◆ WHAT THE TASK REQUIRES
Repeat the data as given. Images do not go in the copy.

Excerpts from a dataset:
──────────

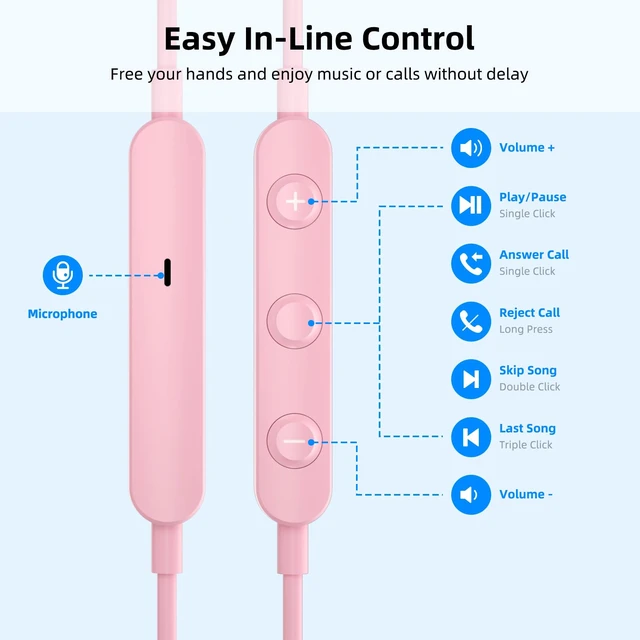 Alt view image 4 of 7 - USB C Wired Earbuds with Mic Volume Control for iPhone 18 Pro Max 17 16 15 HiFi Stereo Type C Headphones for Samsung S26 Ultra S25 S24 S23 S22 S21, Noise Isolation Ear Buds for iPad 10/Pixel 9 8, Pink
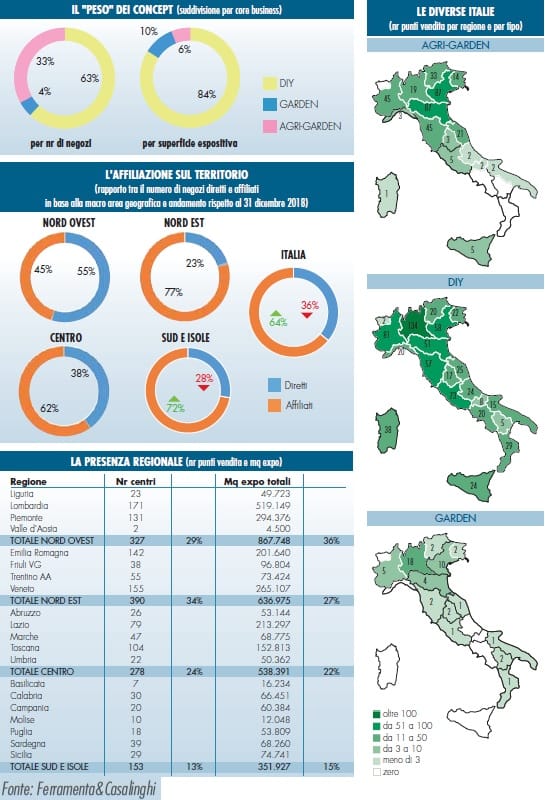 Punti vendita brico-garden in Italia: l’evoluzione della rete nel 2019 2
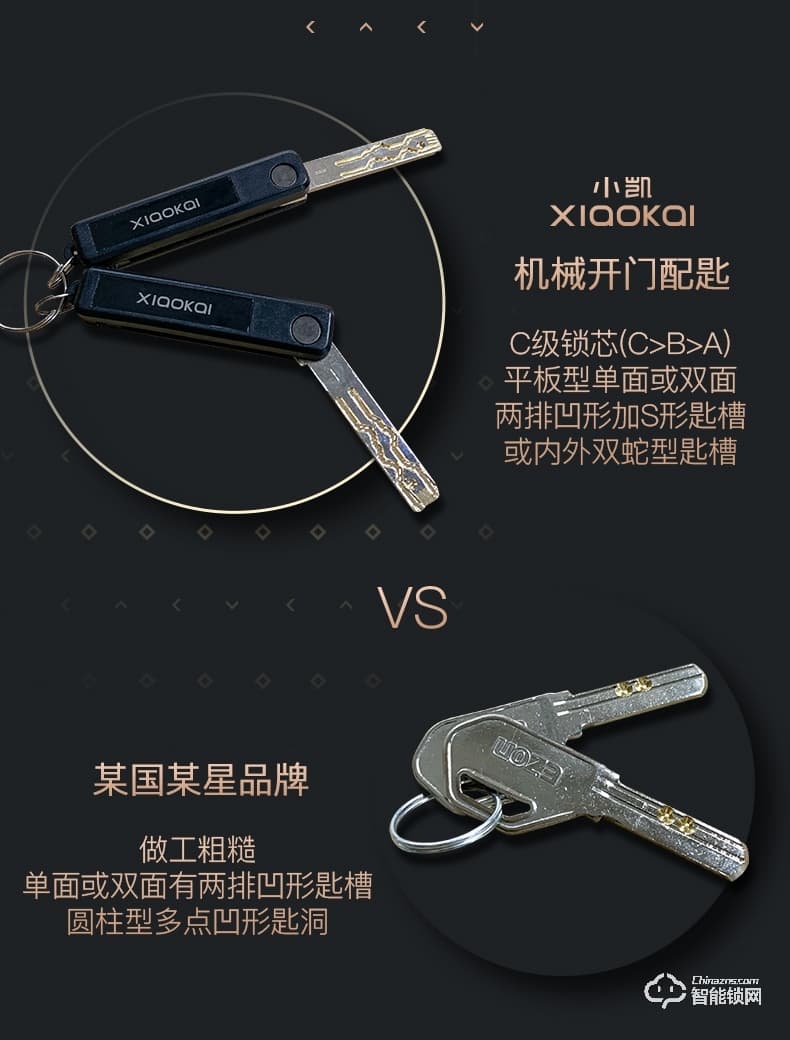 小凱智能鎖 X5智能密碼鎖木門全自動感應鎖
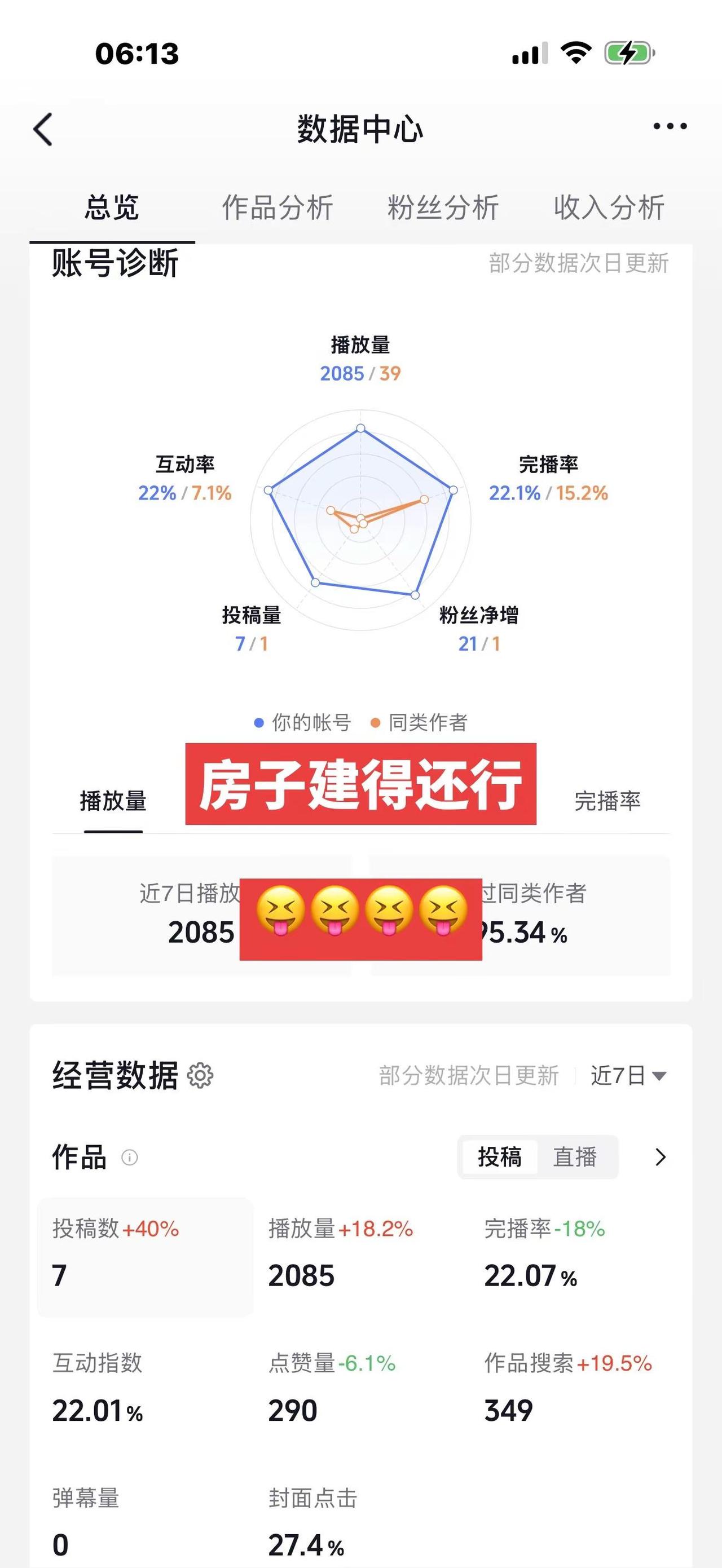 实时数据分析 真实数据反馈 伙伴计划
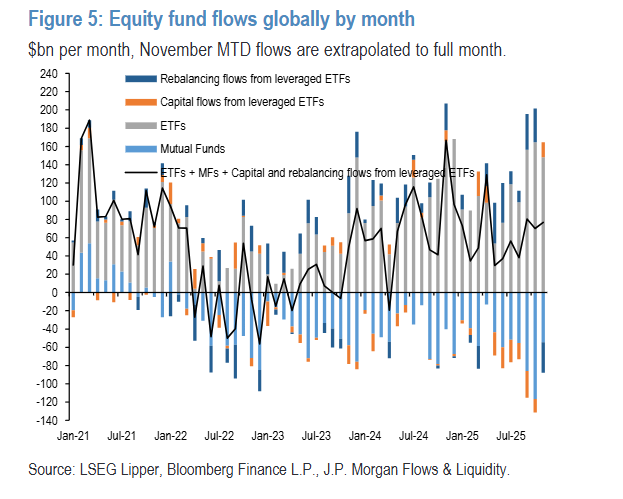 买股卖币！美国散户抄底“区别对待”，比特币自2020年7月来首次跌破“生产成本” - 图片4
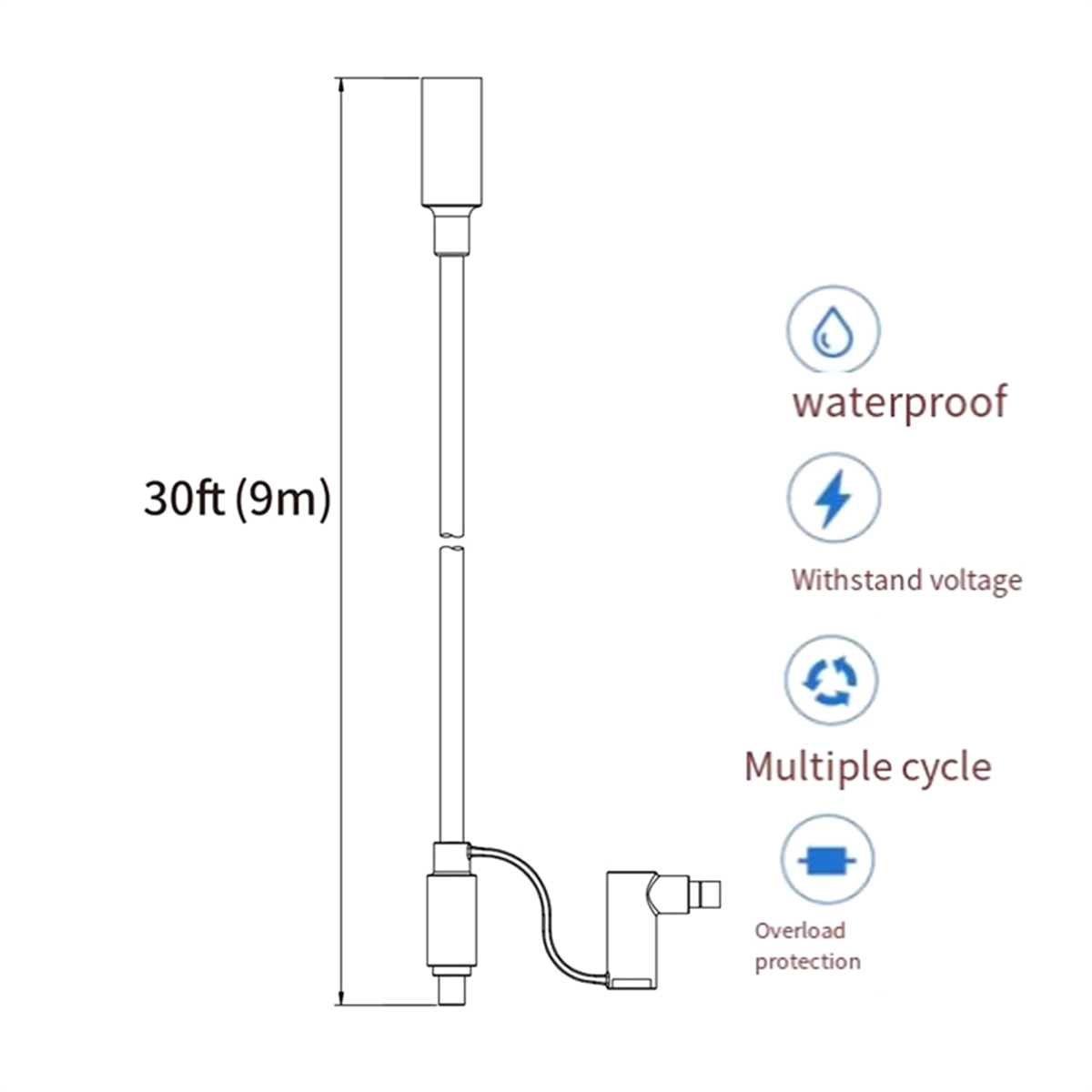 ABNJ 12AWG Verlängerungskabel  – Solar Generator Bewertung und Preis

──────────

◆ RESULT BELOW
 Alt view image 4 of 7 - USB C Wired Earbuds with Mic Volume Control for iPhone 18 Pro Max 17 16 15 HiFi Stereo Type C Headphones for Samsung S26 Ultra S25 S24 S23 S22 S21, Noise Isolation Ear Buds for iPad 10/Pixel 9 8, Pink
 Punti vendita brico-garden in Italia: l’evoluzione della rete nel 2019 2
 小凱智能鎖 X5智能密碼鎖木門全自動感應鎖
 实时数据分析 真实数据反馈 伙伴计划
 买股卖币！美国散户抄底“区别对待”，比特币自2020年7月来首次跌破“生产成本” - 图片4
 ABNJ 12AWG Verlängerungskabel  – Solar Generator Bewertung und Preis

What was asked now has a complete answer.